As he faced impeachment, Donald Trump touted his trade deals as evidence of the great success of his presidency. Specifically, he touted his revised North American Free Trade Agreement (NAFTA), which the Democratic leadership agreed to, and a first-round trade agreement with China. In both cases, people are more likely to hear Trump’s boasts than to see any economic benefit from these deals.
In the case of the new NAFTA (called the United States-Mexico-Canada Agreement), it is essentially the old NAFTA, with some minor twists, both positive and negative. On the positive side, congressional Democrats forced Trump to include some serious language on labor rights in Mexico. While it remains to be seen how enforceable these will be, they are definitely stronger than the provisions in the original NAFTA.

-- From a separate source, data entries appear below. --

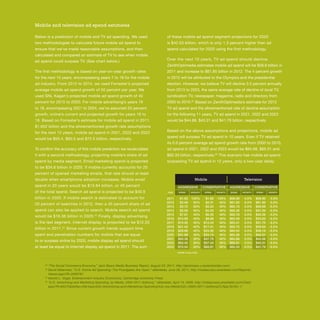 97OUTLOOK REPORT | VOL 10
Below is a prediction of mobile and TV ad spending. We used
two methodologies to calculate future mobile ad spend to
ensure that we’ve made reasonable assumptions, and then
calculated and compared an estimate of TV to see when mobile
ad spend could surpass TV. (See chart below.)
The first methodology is based on year-on-year growth rates
for the next 10 years, encompassing years 7 to 18 for the mobile
ad industry. From 2012 to 2014, we used Forrester’s projected
average mobile ad spend growth of 50 percent per year. We
used SNL Kagan’s projected mobile ad spend growth of 40
percent for 2015 to 2020. For mobile advertising’s years 16
to 18, encompassing 2021 to 2024, we’ve assumed 20 percent
growth, online’s current and projected growth for years 16 to
18. Based on Forrester’s estimate for mobile ad spend in 2011,
$1.652 billion and the aforementioned growth rate assumptions
for the next 12 years, mobile ad spend in 2021, 2022 and 2023
would be $50.4, $60.5 and $72.5 billion, respectively.
To confirm the accuracy of this mobile prediction we recalculated
it with a second methodology, projecting mobile’s share of ad
spend by media segment. Email marketing spend is projected
to be $34.6 billion in 2020. If mobile currently accounts for 20
percent of opened marketing emails, that rate should at least
double when smartphone adoption increases. Mobile email
spend in 20 years would be $13.84 billion, or 40 percent
of the total spend. Search ad spend is projected to be $40.9
billion in 2020. If mobile search is estimated to account for
20 percent of searches in 2012, then a 40 percent share of ad
spend can also be applied to search. Mobile search ad spend
would be $16.36 billion in 2020.23
Finally, display advertising
is the last segment. Internet display is projected to be $12.33
billion in 2011.24
Since current growth trends support time
spent and penetration numbers for mobile that are equal
to or surpass online by 2020, mobile display ad spend should
at least be equal to Internet display ad spend in 2011. The sum
Mobile and television ad spend estimates
23
“The Social Commerce Economy,” Jack Myers Media Business Report, August 23, 2011, http://jackmyers.v.reutersinsider.com/.
24
David Hallerman, “U.S. Online Ad Spending: The Floodgates Are Open,” eMarketer, June 29, 2011, http://totalaccess.emarketer.com/Reports/
Viewer.aspx?R=2000787.
25
Harold L. Vogel, Entertainment Industry Economics, Cambridge University Press.
26
“U.S. Advertising and Marketing Spending, by Media, 2005-2011 (billions),” eMarketer, April 14, 2009, http://totalaccess.emarketer.com/Chart.
aspx?R=84272dsNav=Ntk:basic|US+Advertising+and+Marketing+Spending%2c+by+Media%2c+2005+2011+(billions)|1|,Rpp:50,Ro:-1.
2023
2022
2021
2020
2019
2018
2017
2016
2015
2014
2013
2012
2011
$72.54 $68.81 $65.33 $41.7920%20% 0.5% -3.5%
$60.45 $57.34 $65.01 $43.3120%20% 0.5% -3.5%
$50.38 $47.78 $64.68 $44.8840%20% 0.5% -3.5%
$41.98 $34.13 $64.36 $46.5140%40% 0.5% -3.5%
$29.99 $24.38 $64.04 $48.1940%40% 0.5% -3.5%
$21.42 $17.41 $63.72 $49.9440%40% 0.5% -3.5%
$15.30 $12.44 $63.41 $51.7540%40% 0.5% -3.5%
$10.93 $8.88 $63.09 $53.6340%40% 0.5% -3.5%
$7.81 $6.35 $62.78 $55.5840%40% 0.5% -3.5%
$5.58 $4.53 $62.46 $57.5940%50% 0.5% -3.5%
$3.72 $3.24 $62.15 $59.6840%50% 0.5% -3.5%
$2.48 $2.31 $61.85 $61.8540%50% 5.0% 5.0%
$1.65 $1.65 $58.90 $58.90125%125% 4.0% 4.0%
AGGRESSIVE AGGRESSIVECONSERVATIVE CONSERVATIVE
SPENDYEAR SPENDSPEND SPENDGROWTH GROWTHGROWTH GROWTH
of these mobile ad spend segment projections for 2020
is $42.53 billion, which is only 1.3 percent higher than ad
spend calculated for 2020 using the first methodology.
Over the next 10 years, TV ad spend should decline.
ZenithOptimedia estimates mobile ad spend will be $58.9 billion in
2011 and increase to $61.85 billion in 2012. The 4 percent growth
in 2012 will be attributed to the Olympics and the presidential
election. However, we believe TV will decline 3.5 percent annually
from 2013 to 2023, the same average rate of decline of local TV,
syndication TV, newspaper, magazine, radio and directory from
2000 to 2010.25
Based on ZenithOptimedia’s estimate for 2012
TV ad spend and the aforementioned rate of decline assumption
for the following 11 years, TV ad spend in 2021, 2022 and 2023
would be $44.88, $43.31 and $41.79 billion, respectively.
Based on the above assumptions and projections, mobile ad
spend will surpass TV ad spend in 10 years. Even if TV retained
its 0.5 percent average ad spend growth rate from 2000 to 2010,
ad spend in 2021, 2022 and 2023 would be $64.68, $65.01 and
$65.33 billion, respectively.26
This scenario has mobile ad spend
surpassing TV ad spend in 12 years, only a two-year delay.
Mobile Television
*SPEND IN BILLIONS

It also helps that Mexico’s current president, Andres Manuel Lopez Obrador, is its most labor-friendly leader in more than half-century. In most cases, Obrador will likely be happy to improve labor standards in Mexico in accordance with the agreement.
While provisions that can improve the living standards of Mexican workers should be seen as good, this is unlikely to make much difference in terms of the number of manufacturing jobs going from the U.S. to Mexico. Even if the labor provisions of the deal are fully enforced, wages will still be far lower in Mexico than in the United States.
The one positive aspect of this picture for U.S. workers is that most of the jobs that are likely to be transferred to Mexico have already moved there. Some jobs are undoubtedly still threatened with being moved going forward, but for the most part, the big transfer of manufacturing jobs has already taken place.
A big plus, for which congressional Democrats deserve considerable credit, was the removal of provisions that would have lengthened patent protections for prescription drugs. This provision would not only raise drug prices in our trading partners, it would lock in high prices in the United States. Democrats insisted that the patent-lengthening provisions be removed as a condition of reaching an agreement.
The major downside of the revised NAFTA was that it left in place wording that will make it more difficult to regulate the internet. There is a whole range of internet concerns on issues such as privacy, ownership of data, and the spreading of false information that has been raised in the United States and elsewhere.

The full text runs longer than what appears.